LEKCut (เล็ก คัด) is a Thai tokenization library that ports the deep learning model to the onnx model.

Project description

LEKCut

pypi

LEKCut (เล็ก คัด) is a Thai tokenization library that ports the deep learning model to the onnx model.

Install

pip install lekcut

How to use

from lekcut import word_tokenize

# DeepCut model (default)
word_tokenize("ทดสอบการตัดคำ")
# output: ['ทดสอบ', 'การ', 'ตัด', 'คำ']

# AttaCut syllable + character model
word_tokenize("ทดสอบการตัดคำ", model="attacut-sc")
# output: ['ทดสอบ', 'การ', 'ตัด', 'คำ']

# AttaCut character-only model
word_tokenize("ทดสอบการตัดคำ", model="attacut-c")
# output: ['ทดสอบ', 'การ', 'ตัด', 'คำ']

# OSKut model
word_tokenize("เบียร์ยูไม่อร่อย", model="oskut")
# output: ['เบียร์', 'ยู', 'ไม่', 'อ', 'ร่อย']
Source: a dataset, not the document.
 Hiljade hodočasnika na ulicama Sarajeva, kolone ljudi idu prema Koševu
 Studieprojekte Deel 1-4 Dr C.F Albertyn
# OSKut with a specific engine
word_tokenize("เบียร์ยูไม่อร่อย", model="oskut", engine="tnhc")
# output: ['เบียร์', 'ยู', 'ไม่', 'อร่อย']

API

word_tokenize(
    text: str,
    model: str = "deepcut",
    path: str = "default",
    providers: List[str] = None,
    engine: str = "ws",
    k: int = 1,
) -> List[str]

Parameters:

  • text: Text to tokenize
  • model: Model to use. Options: "deepcut" (default), "attacut-sc", "attacut-c", "oskut"
  • path: Path to custom model file (default: "default", applies to deepcut and attacut-* models)
  • providers: List of ONNX Runtime execution providers (default: None, which uses default CPU provider)
  • engine: OSKut engine variant (applies to "oskut" model only). Options: "ws" (default), "ws-augment-60p", "tnhc", "scads", "tl-deepcut-ws", "tl-deepcut-tnhc", "deepcut"
  • k: Percentage of characters to refine for OSKut (applies to "oskut" model only). The special default value of 1 is a sentinel that lets OSKut automatically select an appropriate percentage based on the engine. Pass any integer from 2 to 100 to override.

GPU Support

LEKCut supports GPU acceleration through ONNX Runtime execution providers. To use GPU acceleration:

  1. Install ONNX Runtime with GPU support:

    pip install onnxruntime-gpu
    
  2. Use the providers parameter to specify GPU execution:

    from lekcut import word_tokenize
    
    # Use CUDA GPU
    result = word_tokenize("ทดสอบการตัดคำ", providers=['CUDAExecutionProvider', 'CPUExecutionProvider'])
    
    # Use TensorRT (if available)
    result = word_tokenize("ทดสอบการตัดคำ", providers=['TensorrtExecutionProvider', 'CUDAExecutionProvider', 'CPUExecutionProvider'])
    

Available Execution Providers:

  • CPUExecutionProvider - Default CPU execution
  • CUDAExecutionProvider - NVIDIA CUDA GPU acceleration
  • TensorrtExecutionProvider - NVIDIA TensorRT optimization
  • DmlExecutionProvider - DirectML for Windows GPU
  • And more (see ONNX Runtime documentation)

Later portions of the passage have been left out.